Find the values of $p$ for which $\sum_{n=2}^\infty \frac{1}{n\log_2^p n}$ is convergent

Question

Can anybody help me with the following problem?

Let $p>0$ and consider the series: $$\sum_{n=2}^\infty \frac{1}{n\log_2^p n}.$$ Find the values of $p$ for which the series is convergent.

Answer 1

The Cauchy Condensation Test states that $\displaystyle\sum_{n=1}^{\infty} f(n)$ converges if and only if $\displaystyle\sum_{n=1}^{\infty} 2^n f(2^n) $ converges provided $f(n)$ is non-negative and non-increasing.

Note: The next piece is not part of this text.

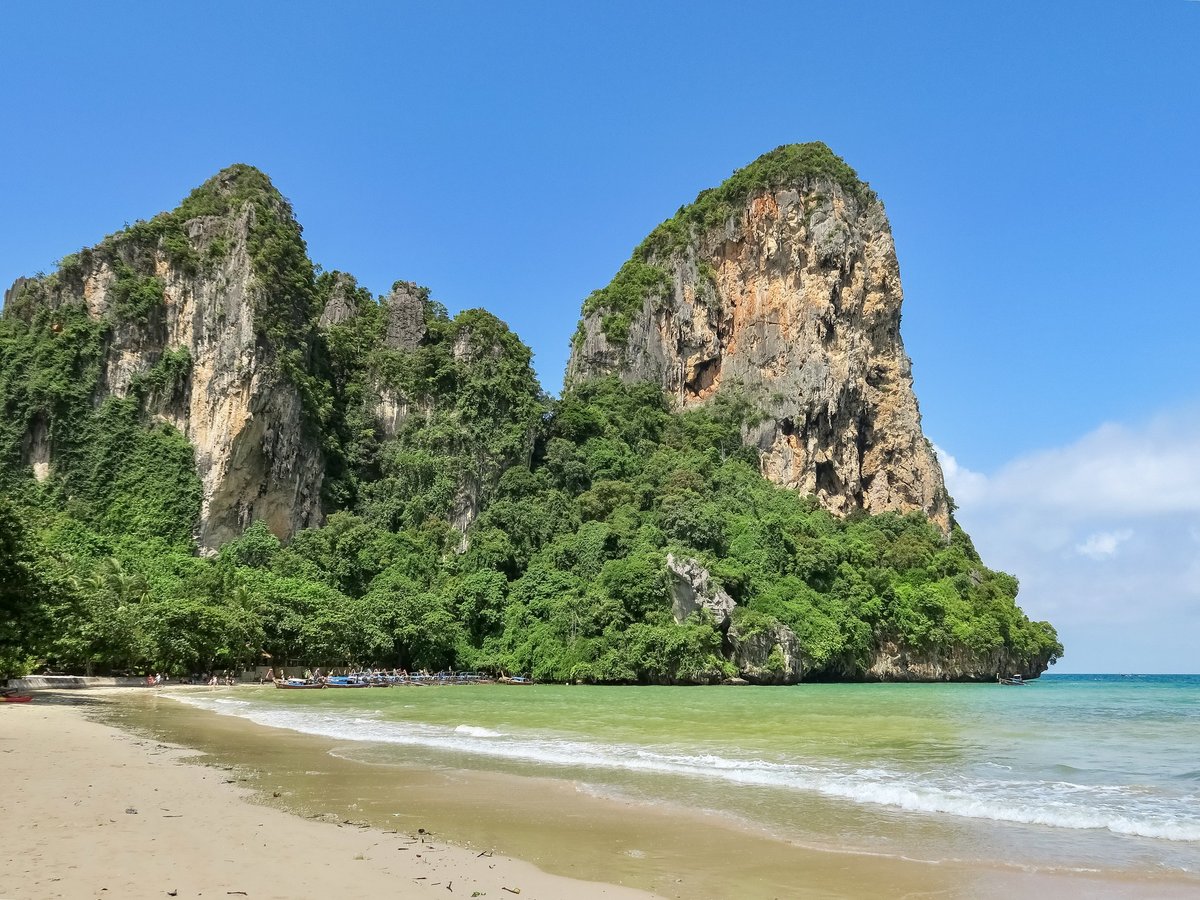 The Railay Peninsula in Krabi, Thailand.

Now this is a good test to use here, since we have a logarithm of base 2. In this case, let's take $f(n) = \frac{1}{n \log_2^p n}$. This clearly satisfies the conditions of the test because the lower limit is 2.

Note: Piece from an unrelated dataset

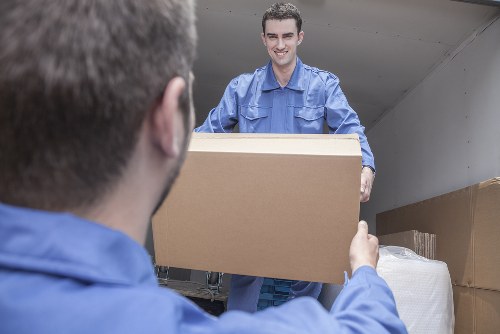 Office relocation planning in Holland Park with boxes and moving supplies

Now let's find $2^n f(2^n)$: $$2^n f(2^n) = 2^n \left(\frac{1}{2^n \log_2^p (2^n)} \right) = \frac{1}{n^p}$$

So applying the test, we have:

$\displaystyle\sum_{n=2}^{\infty} \frac{1}{n \log_2^p n}$ converges if and only if $ \displaystyle\sum_{n=2}^{\infty} \frac{1}{n^p}$ converges.

This is a standard series. It converges if $p>1$ and diverges if $p \leq 1$.